Die Theorie ist eine weltanschauliche Theorie, die sich auf die Annahmen (siehe Phänomenale Welten) stützt, die streng logisch nicht beweisbar sind, weil sowohl für die Annahme als auch die Beweisführung der gleiche „Stoff“ benutzt wird. Die Beweisführung selbst unterstützt die Annahmen. Aus wissenschaftlicher Sicht ist es nicht erlaubt, es ist aber das Schicksal jeder weltanschaulichen Theorie. Dennoch liegt der Mehrwert daran, dass wissenschaftliche Erkenntnisse so zu einander betrachtet werden, dass man die weißen Flecken des Unwissens schließen kann, mindestens den Weg anzudeuten, der zur Schließung führen kann. So etwa werden die Scherben eines archäologischen Befundes miteinander verklebt und wir können trotz fehlender Teile eine Form erkennen.

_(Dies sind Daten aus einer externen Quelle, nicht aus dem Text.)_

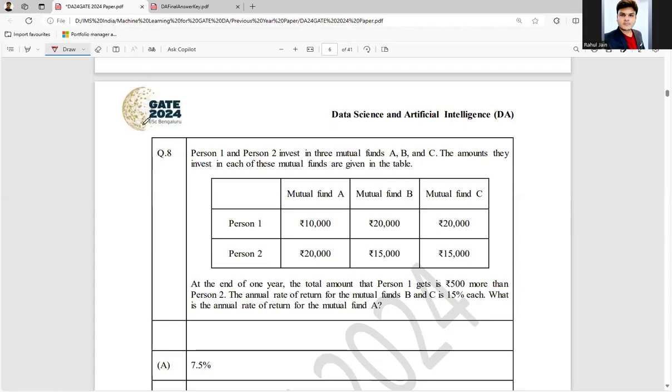Hello everyone, I hope you all are doing very well. The following question, number eight, is asked in GATE DA 2024. The question is as follows: Person 1 and Person 2 invest in three mutual funds A, B, and C. The amount they invest in each of these mutual funds is given like this.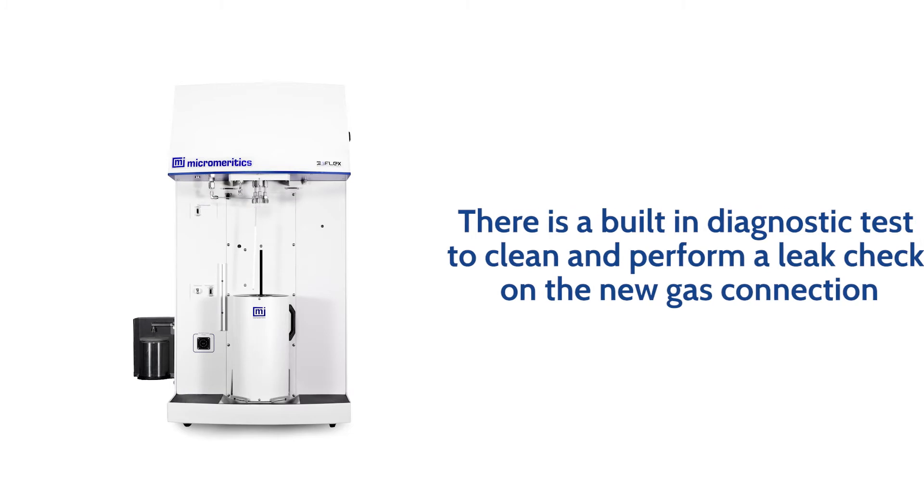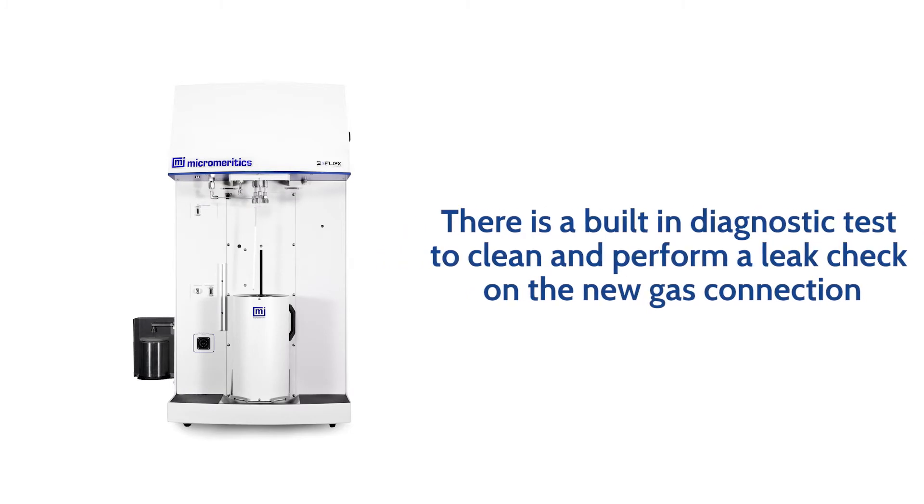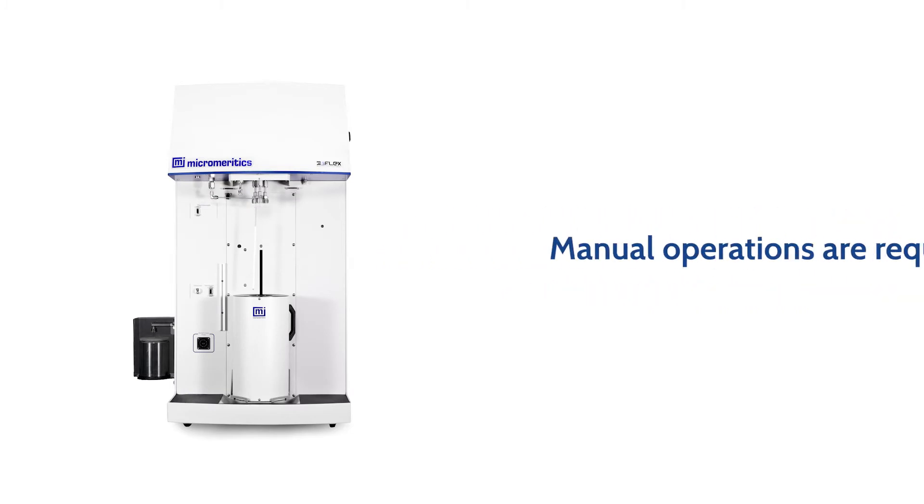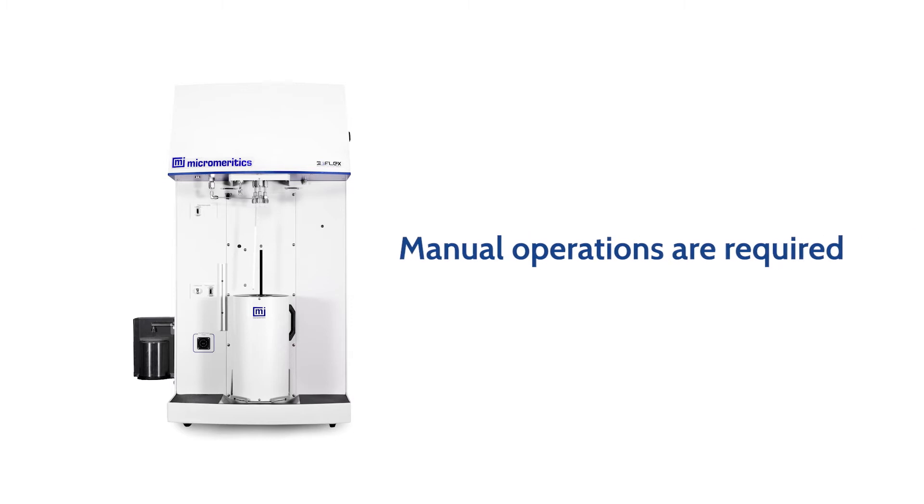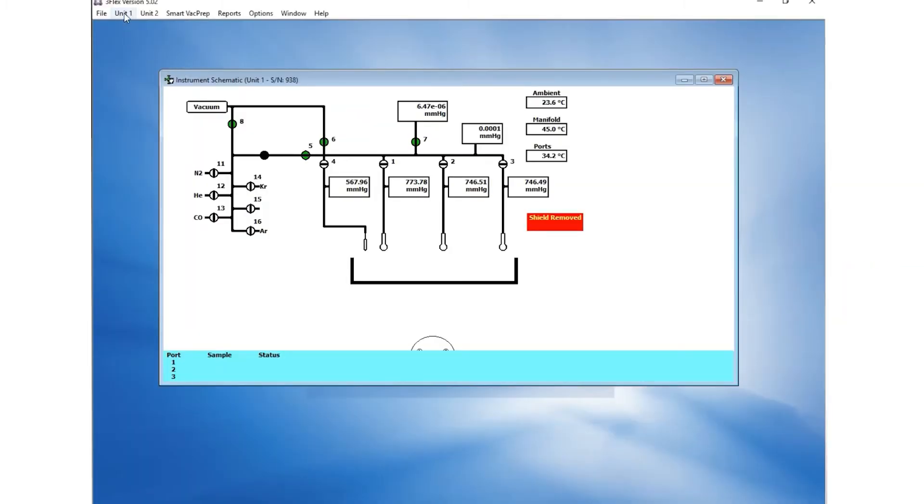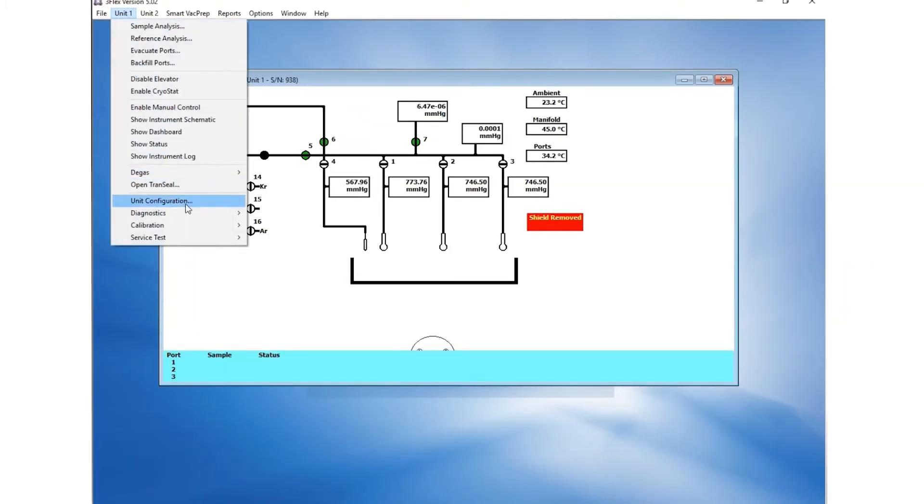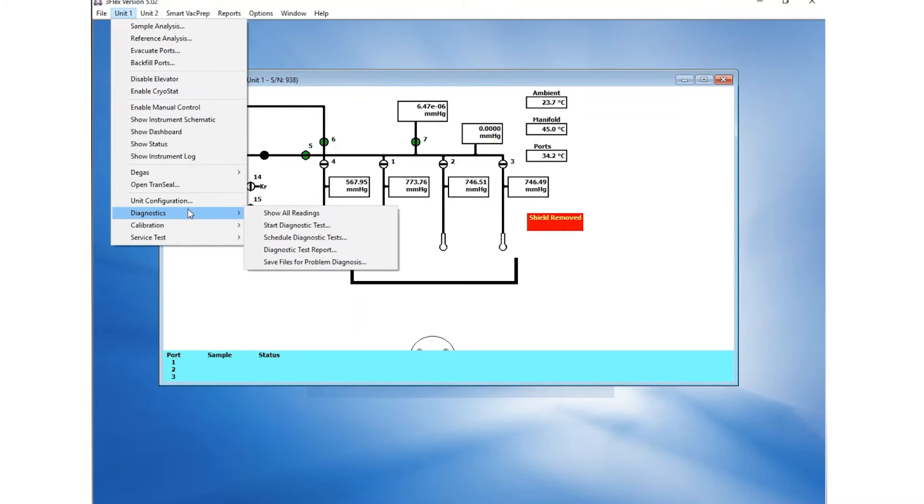There is a built-in diagnostic test to clean and perform a leak check on a new gas connection. Manual operations are required and users will be prompted by the instrument with on-screen instructions. In the software, go to Unit, Diagnostics, Start Diagnostics Test.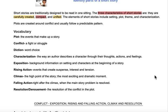Rising action refers to those events that create suspense and interest and build tension. The climax is the really high point of the story — the most exciting and dramatic moment. Falling action comes right after the climax when the main story problem is resolved, and then it finishes up with the resolution of the conflict in the plot.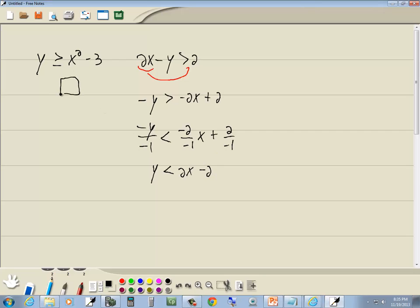Okay, greater than or equal to, that's going to be an upper right-hand triangle. And greater than or equal to, the equal to part means it's going to be a solid line.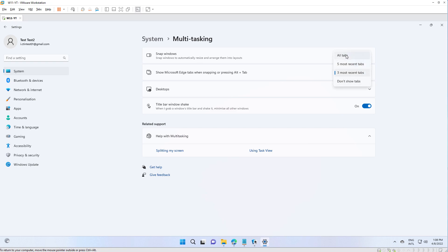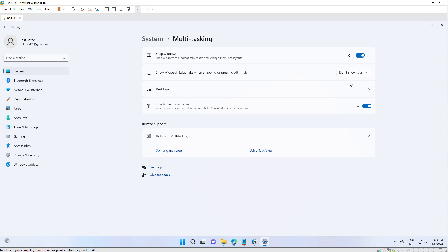So you can show all the tabs that are opened in Edge, 5 most recent tabs, and 3 most recent tabs. But if you only want to have displayed only the windows, you select Don't Show Tabs.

 Es gibt in der Theorie keine lückenlose Beschreibung des Musters. In einigen phänomenalen Welten ist es wissenschaftlich hinterlegt, in anderen kennt die Wissenschaft noch keine Antwort. So etwa bei der Entstehung des Zellkerns. Da dieser Vorgang dem Muster des markanten Punkt B auf der Wellenkurve entspricht, biete ich ein Bild des evolutiven Prozesses, der in der Kernbildung mündete, an. Die Vorstellung ist musterkonform und setzt die Annahme voraus, dass das Muster stimmt.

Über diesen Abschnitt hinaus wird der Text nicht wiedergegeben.